2.5 million words DB

Quoyle · January 8, 2023, 11:54pm

I have a literature database (PDFs, sometimes with annotations) that consists of a good 2 million individual words so far and has a size of 23 GB. - All on a Macbook Air 2020 with 8 GB RAM. Should I already split the collection or is there nothing against continuing to add literature to it for the time being?

BLUEFROG · January 9, 2023, 2:38am

That’s within comfortable limits for a modern machine.
If you get above 4.5 million unique words or 250,000+ items in a database, you may want to start thinking about a split.

cgrunenberg · January 9, 2023, 9:04am

Or in case of more than 300 million words in total but in the end it depends highly on the used machine, its performance & available RAM. Some users have billions of words and millions of items in their databases. However, splitting databases and then opening all of them at the same time doesn’t reduce the memory usage.

tharpold · January 9, 2023, 12:19pm

I’m one of those, um, packrat users of DT .My largest database has 5.6 million unique words, 560 million words in total, 18 thousand documents, 200 GB. That’s a literature database, perhaps comparable to the situation that Quoyle is asking about. A couple of years ago, I consolidated several fairly large databases that I pretty much always kept open into this single behemoth in order to simplify searching and to take greater advantage of replicants in groups scattered across the database.
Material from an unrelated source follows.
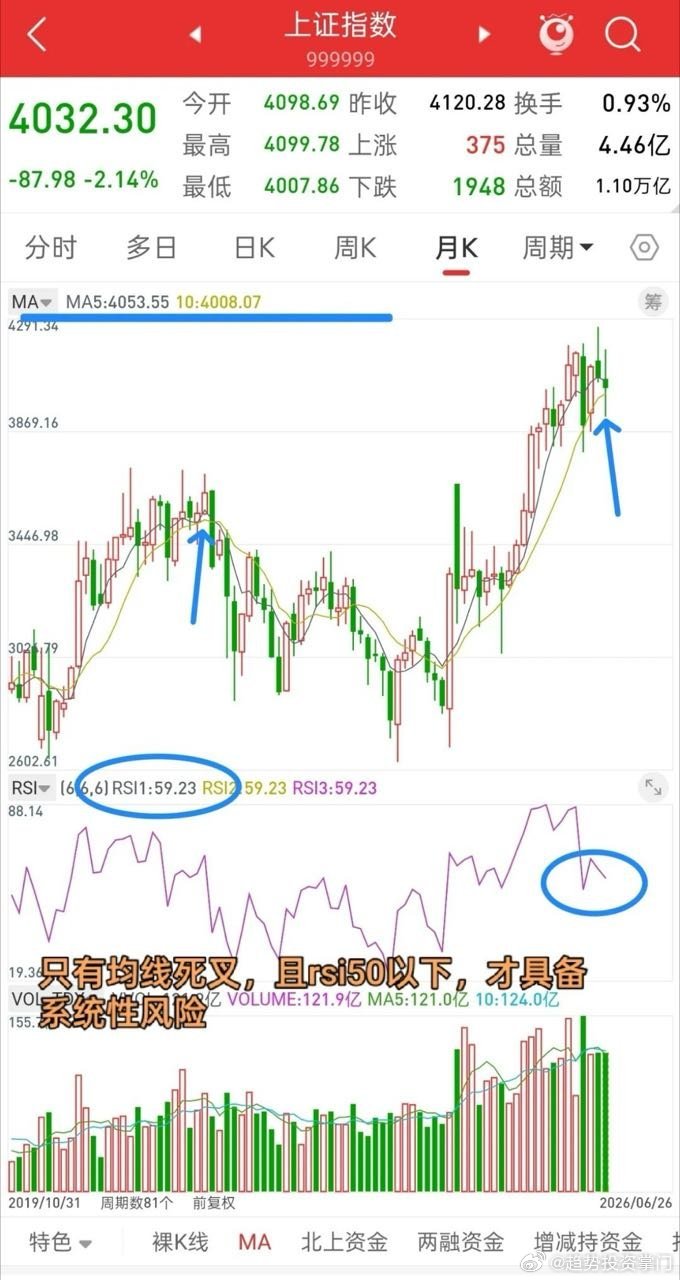 A股全线调整，聊聊后市个人看法上午盘面这波快速砸盘，日线形态走得比较难看，此前预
I noticed a slight cost for searching the unified database – it takes just a wee bit longer for some tasks – but nothing really bothersome. Now, this is with a 2017 MacBook Pro, running Ventura, with 16 GB of RAM, and DT is the biggest user of RAM on the computer. But it’s certainly workable if you’ve got the storage and the RAM, and in any case this approach has become central to my research workflow. Hats off to the brilliant DT designers.